In the lab, researchers can test how different individuals respond to the same stimulus and explore how stress reactivity is related to other physiological parameters and health outcomes. In nature, however, finding a stressor that equally impacts many individuals in a population is much more difficult. Moreover, to truly test evolutionary fitness, researchers need to determine how an individual’s stress response impacts the probability of surviving this stressor, but there are serious ethical considerations when it comes to manufacturing these life-and-death situations—especially in the case of primates.
To avoid these issues, the researchers took advantage of a “natural experiment”—a two-year period of intense drought that struck Costa Rica in 2014. Using data from the Lomas Barbudal Monkey Project, a long-term monitoring program founded by Perry in 1990, the researchers were able to assess stress and mortality before and during this devastating event. They found that monkey mortality rates increased dramatically, with more deaths recorded than any other year in the project’s history. Next, the researchers analyzed fecal samples collected over several years, measuring the individual capuchins’ glucocorticoid responses to minor droughts that had occurred prior to the extreme event.
Then, they compared the stress responses of the monkeys that did or did not survive the 2014-2016 drought. In this case, the ability to mount a robust stress response appeared to be adaptive: Monkeys with stronger stress responses—at least one standard deviation above the mean—during previous minor droughts were about twice as likely to survive as those with weaker-than-average stress responses.
The study authors noted that their analyses were confined to one capuchin population experiencing a single challenge and that further research will be needed to determine whether these same patterns apply to other groups and other stressors. As climate change is expected to increase the frequency and severity of many types of extreme weather events, including droughts, fires, and floods, it is important to understand how animals respond and what factors may increase their odds of survival in the face of these challenges.6
- Seo JS, et al. Cellular and molecular basis for stress-induced depression.Mol Psychiatry. 2017;22(10):1440-1447.

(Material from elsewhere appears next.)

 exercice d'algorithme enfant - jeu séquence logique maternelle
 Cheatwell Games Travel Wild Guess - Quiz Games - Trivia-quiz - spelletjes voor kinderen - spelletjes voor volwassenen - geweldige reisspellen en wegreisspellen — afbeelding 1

- Kivimäki M, Steptoe A. Effects of stress on the development and progression of cardiovascular disease.Nat Rev Cardiol. 2018;15(4):215-229.
- Dai S, et al. Chronic stress promotes cancer development.Front Oncol. 2020;10:1492.
- Thau L, et al. Physiology, cortisol.StatPearls. StatPearls Publishing; 2025.
- Carrera SC, et al. Stress responsiveness in a wild primate predicts survival across an extreme El Niño drought.Sci Adv. 2025;11(4):eadq5020.
- Clarke B, et al. Extreme weather impacts of climate change: An attribution perspective.Environ Res: Climate. 2022;1(1):012001.